The culmination of the two-door AMG GT range will mark the return of the fabled Black Series badge, but that won’t happen until 2020. If you consider life is too short and as such you’re not willing to wait until then, buy the R version and send it over to German tuner Domanig Autodesign as they’ll dial the sports car to unprecedented levels of power.
Developed in collaboration with IMSA (the tuner, not the International Motor Sports Association), the GTR project started off with a set of larger turbochargers for the 4.0-liter V8. The engineers also fiddled with the exhaust system and created a sports air filter, while an extra radiator had to be installed as well.
As a result of all these upgrades, the eight-cylinder engine was dialed to an immense 769 horsepower (573 kilowatts) and 960 Newton-meters (708 pound-feet) of torque, representing a major hike over the Mercedes-AMG GT R’s standard output of 577 hp (430 kW) and 700 Nm (516 lb-ft). To make it all happen, the tuners also optimized the engine’s electronics and reconfigured the gearbox’s software in order to make it cope with a nearly four-digit amount of torque.
Thanks to the newly gained muscle, the GT R will run to 62 mph (100 kph) in just 2.9 seconds or seven-tenths of a second quicker than the standard model. It’s worth mentioning the acceleration performance is more than just a simple number on a piece of paper as it has actually been demonstrated in a real-world test during which the GT R was also clocked at 8.8 seconds for the 0-124 mph (0-200 kph) run. Top speed has increased as well, from the series 198 mph (318 kph) to an electronically governed 205 mph (330 kph).
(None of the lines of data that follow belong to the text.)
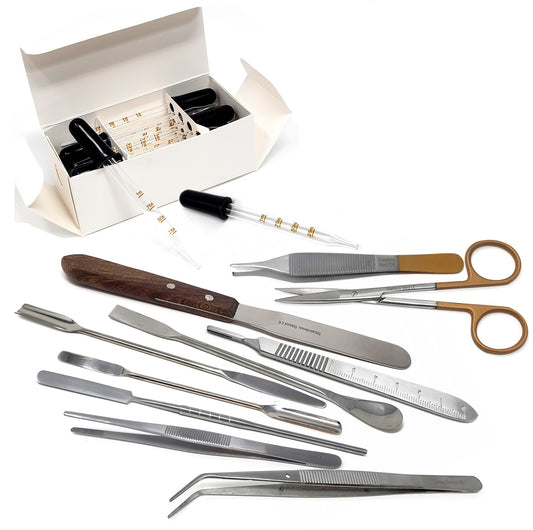 Lab Starter Kit with Stainless Spatulas, Forceps, Dissecting Scissors & Glass Pipettes - 22 Pcs Edition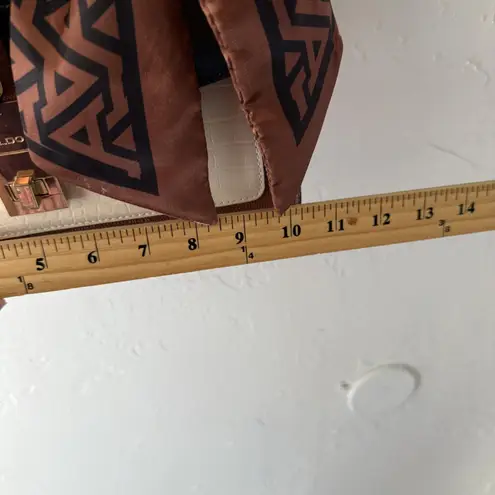 ALDO  Satchel Purse Womens Faux Croc Top Handle Scarf‎ Bag Handbag Blair Waldorf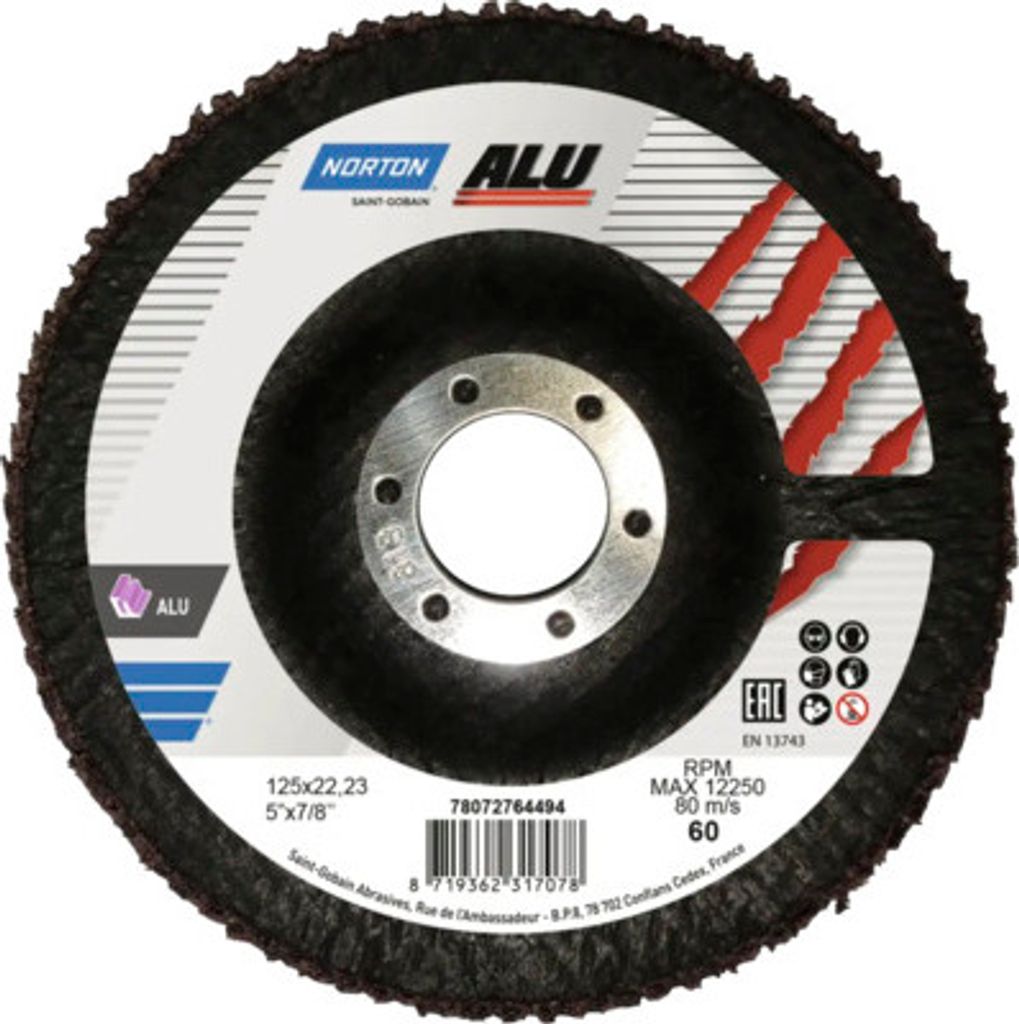 Alu-Mesh Fächerscheibe Norton Ø 125x22,23 mm Korn 60, 10 Stück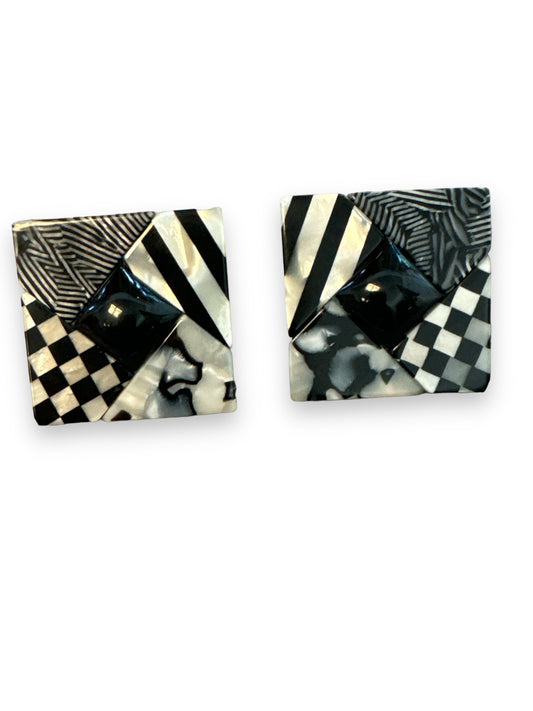 1990s Square Media Printed Earrings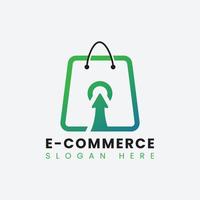 kreatives modernes abstraktes E-Commerce-Logo-Design, bunte Online-Einkaufstaschen-Logo-Designvorlage mit Farbverlauf vektor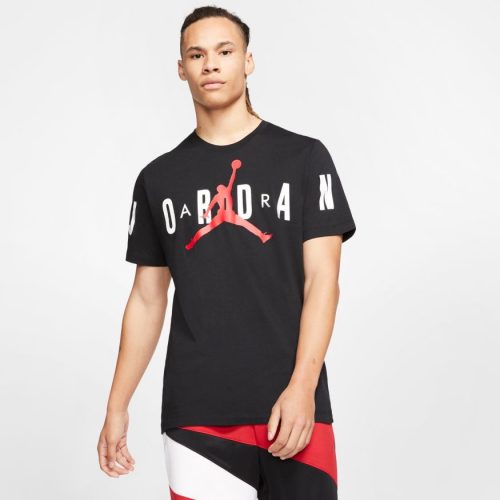 JORDAN BRAND STRETCH SS CREW BLACK/WHITE/GYM RED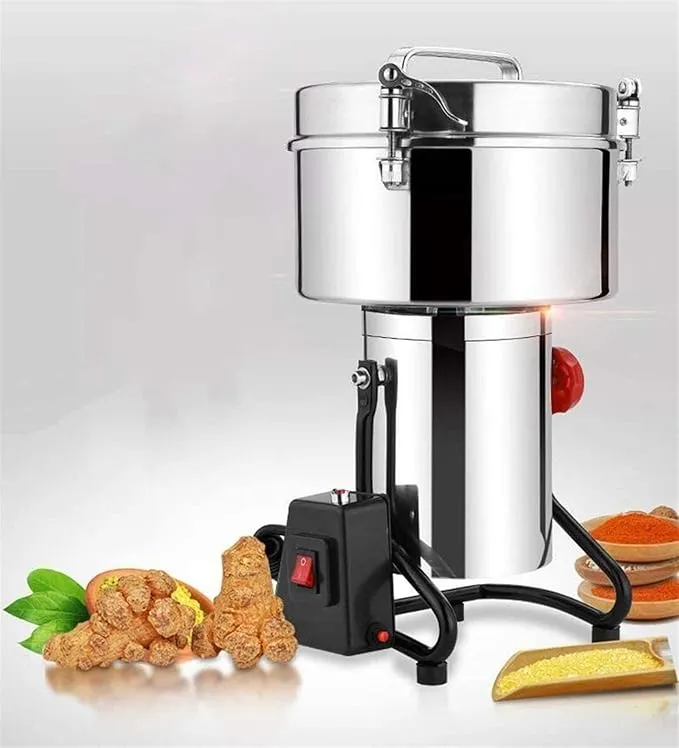 GPERSGU electric grain grinder with 4500g stainless steel swing-type mill for coffee, spices, herbs, and kitchen use.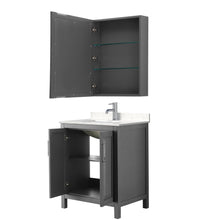 Load image into Gallery viewer, Wyndham Daria 30 Inch Single Bathroom Vanity in Dark Gray, Light-Vein Carrara Cultured Marble Countertop, Undermount Square Sink, Medicine Cabinet- Wyndham
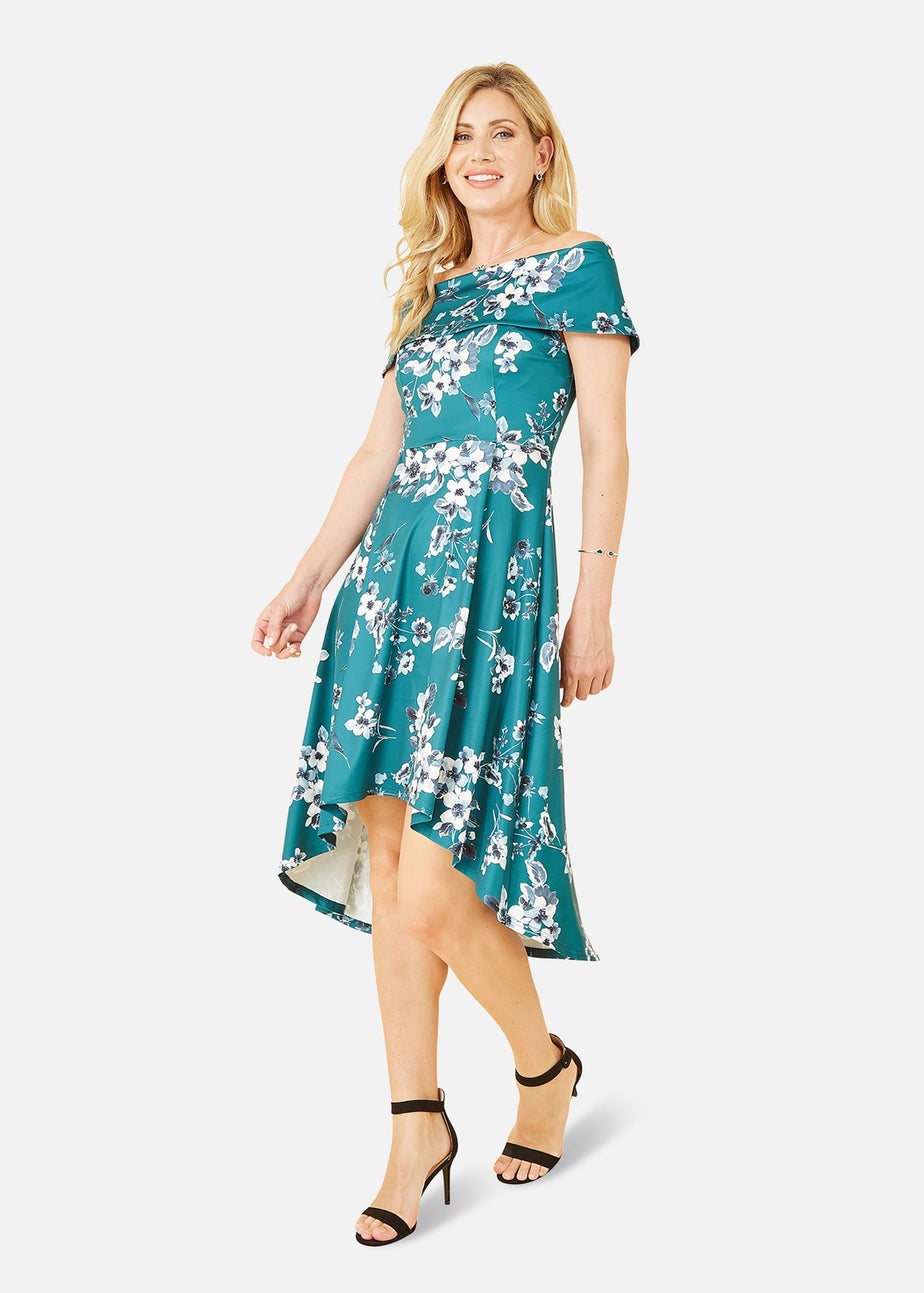 Mela Green Floral Bardot Dipped Hem Dress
Aside from tinkering with the V8 engine, Domanig Autodesign fitted the GT R with a suspension lowering kit from KW that will drop the ride height of the high-performance machine by as much as 30 millimeters (nearly 1.2 inches), while a handy suspension lift system raises the front end of the car by the same amount. The tuner’s own 20-inch front and 21-inch rear wheels with a five twin-spoke design and Michelin Super Sport tires round off the changes.